Kiai Bisri merupakan salah seorang kiai pendiri NU yang dinilai menyelesaikan persoalan melalui pendekatan fiqih murni. Pandangan ini terkadang sering bertolak belakang dengan pendiri NU yang lainnya, KH Abdul Wahab Chasbullah yang ahli di bidang ilmu ushul fiqih. Meski demikian, keduanya menyandarkan pendapat pada literatur keilmuan Islam yang luas, buah kaderisasi langsung dari pendiri NU Hadratussyekh KH Hasyim Asy’ari dan ulama-ulama pinilih lain.
KH Abdurrahman Wahid (Gus Dur), cucu Hadratussyekh KH Hasyim Asy’ari, menyebutnya kakeknya itu sebagai kiai dalam barisan fiqih bersama teman-temannya yang lain. Di antaranya KH Abdul Manaf dari Kediri, KH As’ad Syamsul Arifin dari Situbondo, KH Ahmad Baidowi dari Banyumas, KH Abdul Karim dari Sedayu, KH Nahrawi dari Malang, KH Maksum Ali dari Pesantren Maskumambang di Sedayu, dan lain-lain. Barisan peminat fiqih dan penganut hukum agama yang tangguh ini menjadi kiai-kiai pesantren yang sekarang ini merupakan pusat pendalaman ilmu-ilmu agama di pulau Jawa.
Menurut Gus Dur yang mengutip perkataan Kiai Syukri Ghozali, mereka adalah generasi terbaik yang langsung dididik oleh Kiai Hasyim Asy'ari Kecenderungannya terhadap fiqih Kiai Bisri ini akan kelihatan menonjol dalam kehidupannya baik sebagai seorang kiai maupun ketika ia memimpin Nahdlatul Ulama.

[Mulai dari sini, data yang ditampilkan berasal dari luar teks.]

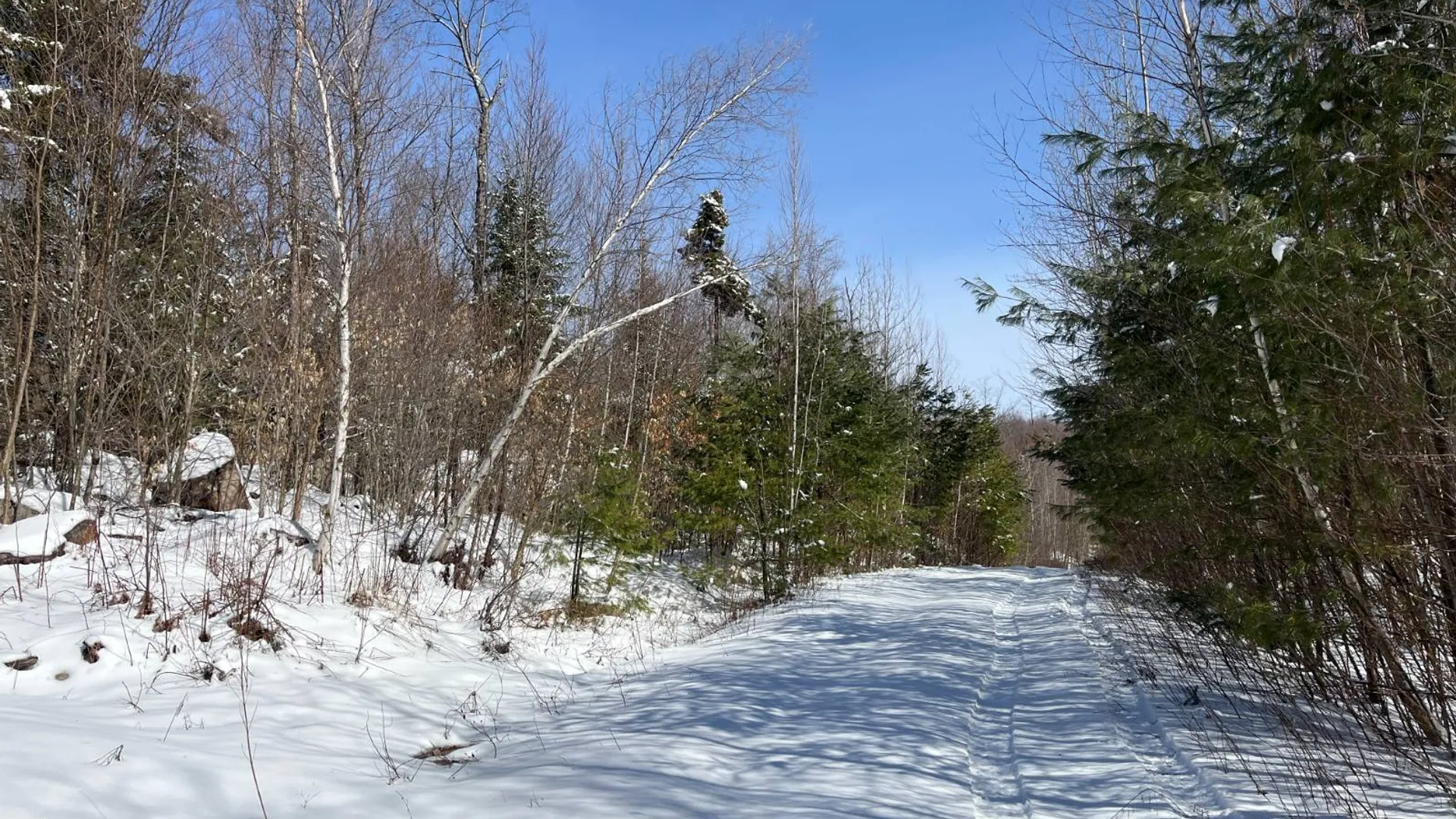 Property at Private off of Pickettville Rd, Parishville, NY 13676 36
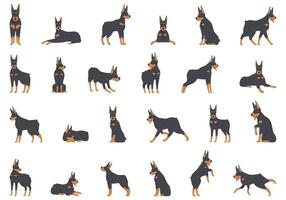 Doberman pinscher icons set cartoon vector. Angry animal vector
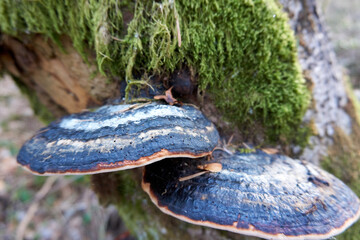 close up of mushrooms on a tree trunk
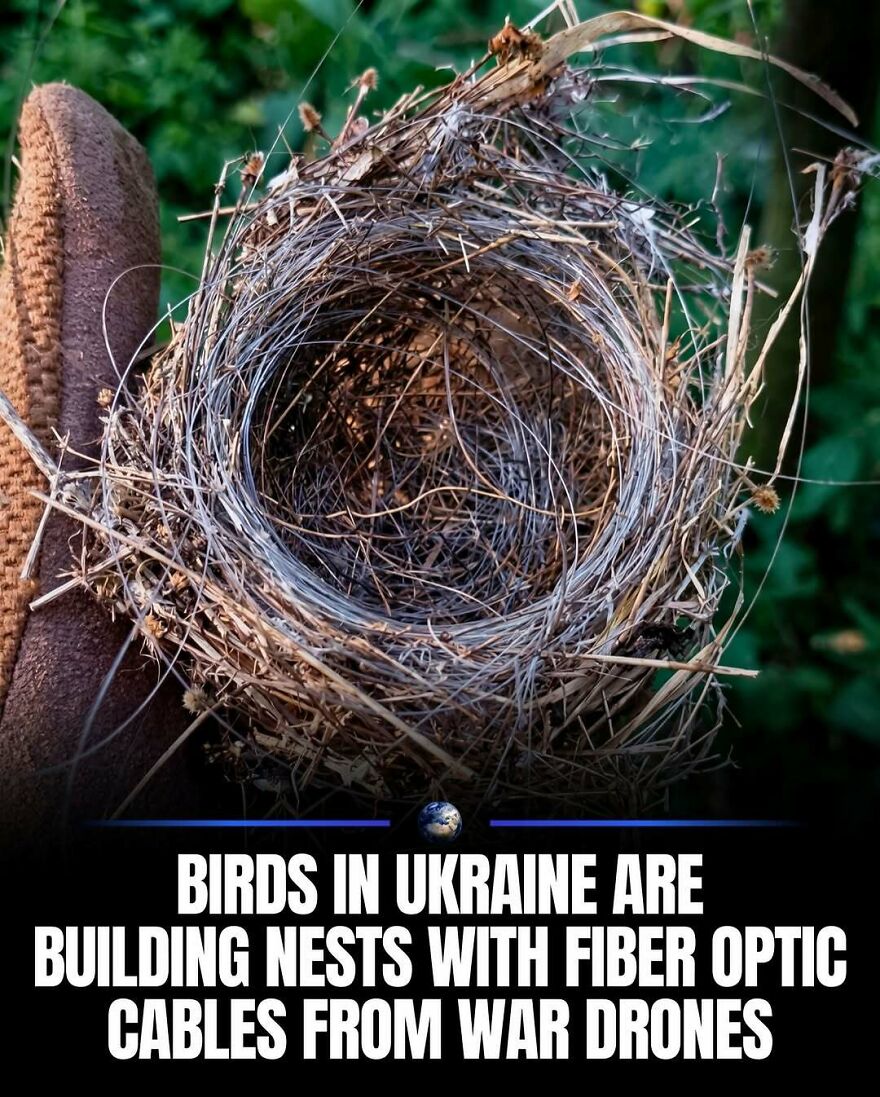 A bird's nest made from fiber optic cables, highlighting humanity's impact on our planet through war drones.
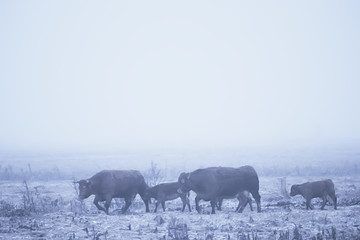 cows in winter in a snow field, animals on a farm in winter season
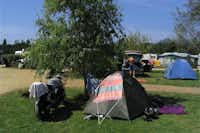 Camping Le Moulin des Oies - Zelt mit Motorrad im Schatten eines Baums auf dem Campingplatz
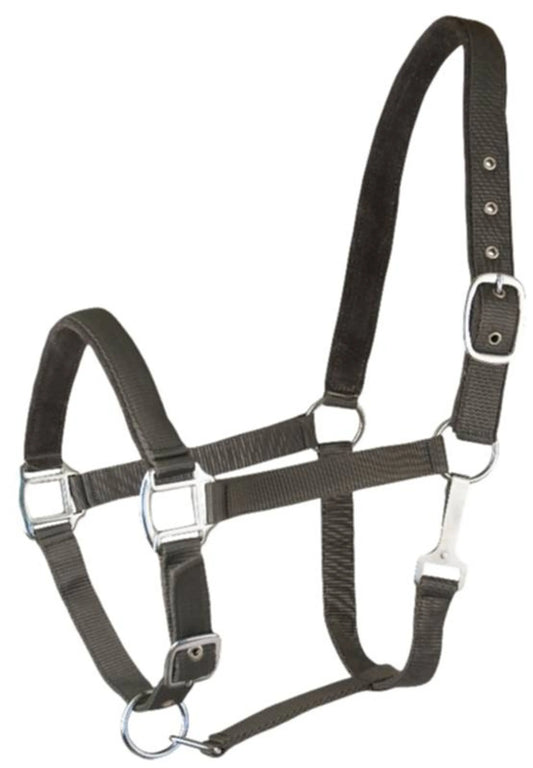 Gatsby Suede Padded Nylon Halter, Multiple Colors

Semasa kecil, Bisri belajar pada KH Abd Salam, seorang ahli dan hafal Al-Qur’an dan juga ahli dalam bidang fiqih. Atas bimbingannya ia belajar ilmu nahwu, saraf, fiqih, tasawuf, tafsir, hadits. Gurunya itu dikenal sebagai tokoh yang disiplin dalam menjalankan aturan-aturan agama. Watak ini menjadi salah satu kepribadian Bisri yang melekat di kemudian hari.
Sekitar usia 15 tahun, tiap Ramadhan, Bisri mulai belajar ilmu agama di luar tanah kelahirannya, ke kedua tokoh agama yang terkenal pada waktu itu yaitu KH Kholil Kasingan, Rembang dan KH Syu’aib Sarang, Rembang.

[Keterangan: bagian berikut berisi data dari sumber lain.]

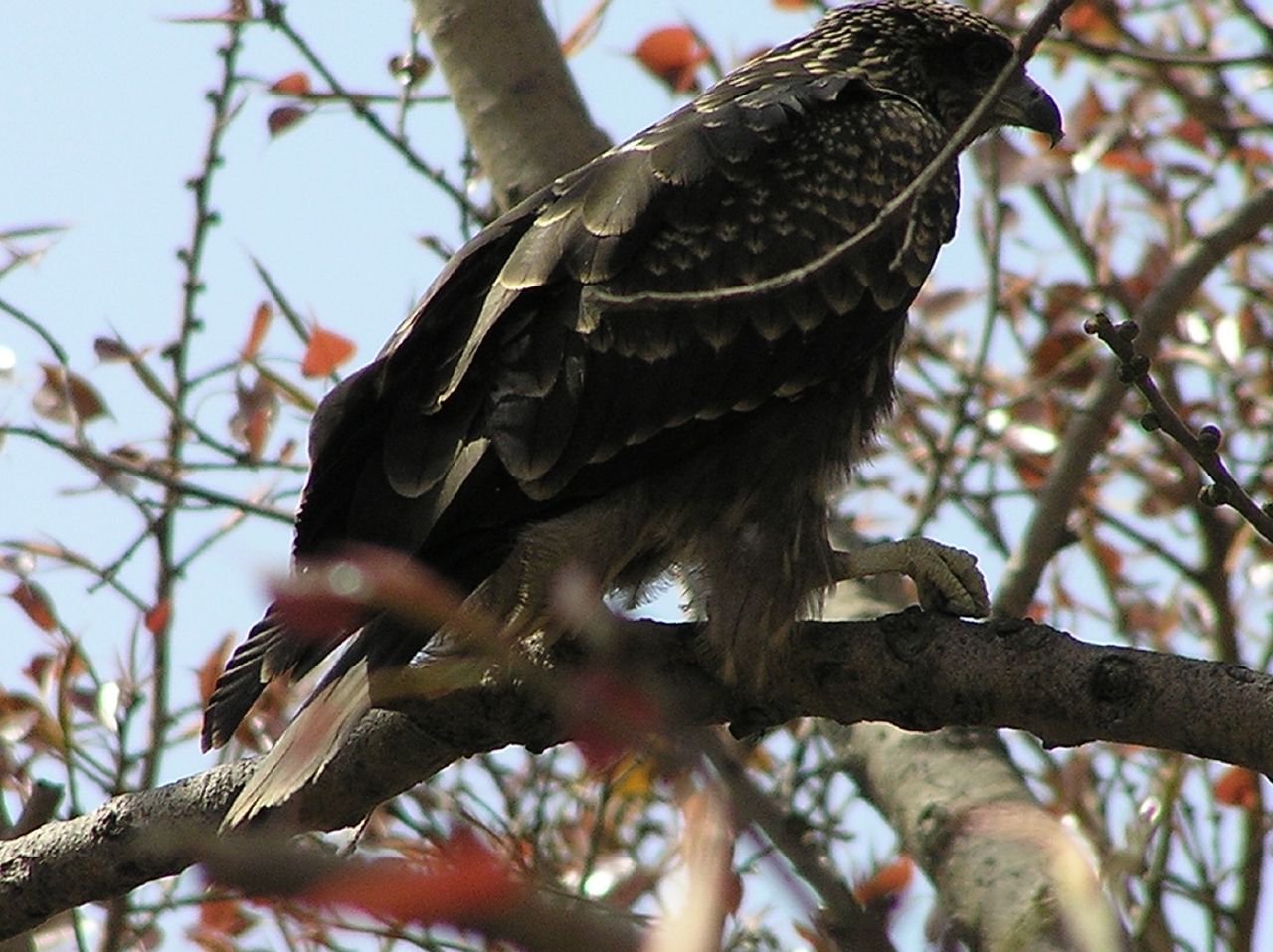 an image of an eagle perched on a tree nch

Kemudian ia melanjutkan berguru kepada Syaikhona Kholil Bangkalan. Di pesantren inilah ia kemudian bertemu dengan Kiai Abdul Wahab Chasbullah, seorang yang kemudian menjadi kawan dekatnya hingga akhir hayat di samping sebagai kakak iparnya.

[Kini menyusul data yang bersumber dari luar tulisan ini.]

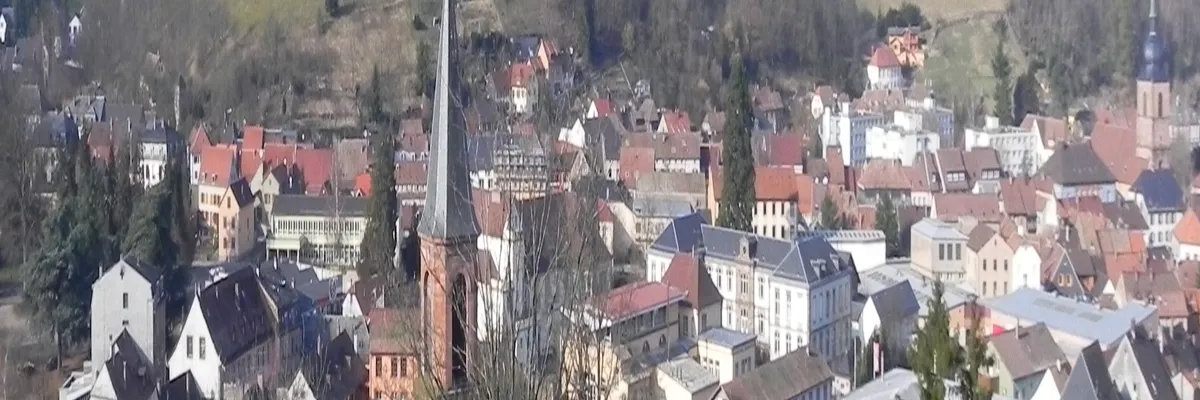 Image Fabricant abri de piscine Sainte-Marie-aux-Mines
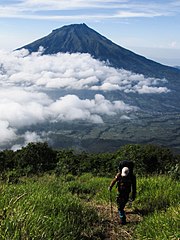 Sumbing from Sindara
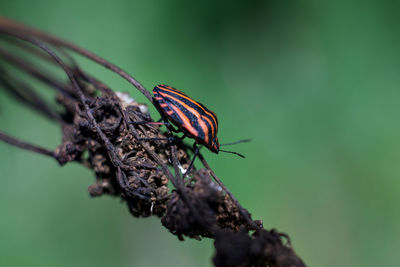 Close-up of insect on plant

Lalu Bisri berguru kepada Hadratussyekh KH Hasyim Asy’ari di Tebuireng, Jombang. Di pesantren itu, ia belajar selama 6 tahun. Ia memperoleh ijazah dari gurunya untuk mengajarkan kitab-kitab agama yang terkenal dalam literatur lama. Mulai kitab fiqih Al-Zubad hingga ke kitab-kitab hadits seperti Bukhari dan Muslim.
Gus Dur menilai literatur keagamaan yang dikuasai Kiai Bisri terasa terlalu bersifat sepihak karena lebih ditekankan pada literatur fiqih yang lama, tapi penguasaan itu memiliki intensitas luar biasa sehingga secara keseluruhan membentuk sebuah kebulatan yang matang dalam kepribadiannya dan pandangan hidupnya.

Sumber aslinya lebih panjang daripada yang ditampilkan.